Supplied information:
________________________________________

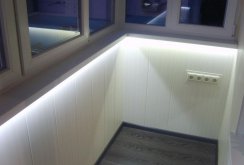 Lampu latar LED di balkoni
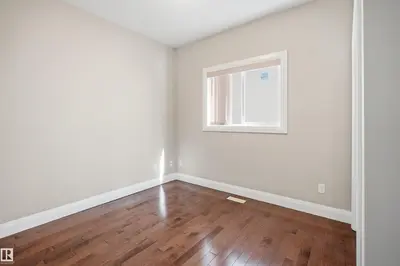 Interior photo 3 of 16807 54 ST NW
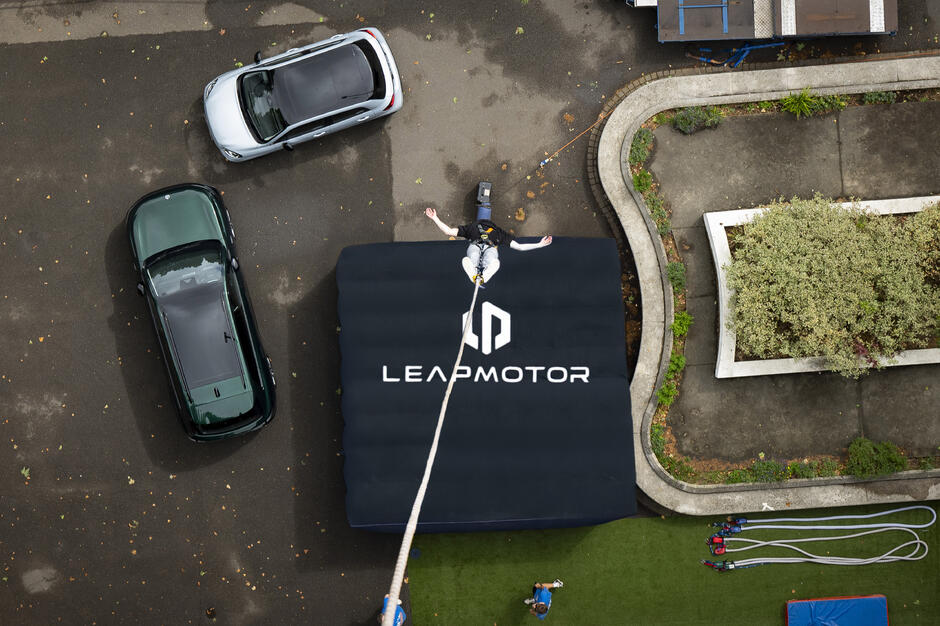 Bungee jumper above the Leapmotor branded airbag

________________________________________

Exercise: Leaving the pictures behind, return every line above exactly.

Response to the exercise:
 Lampu latar LED di balkoni
 Interior photo 3 of 16807 54 ST NW
 Bungee jumper above the Leapmotor branded airbag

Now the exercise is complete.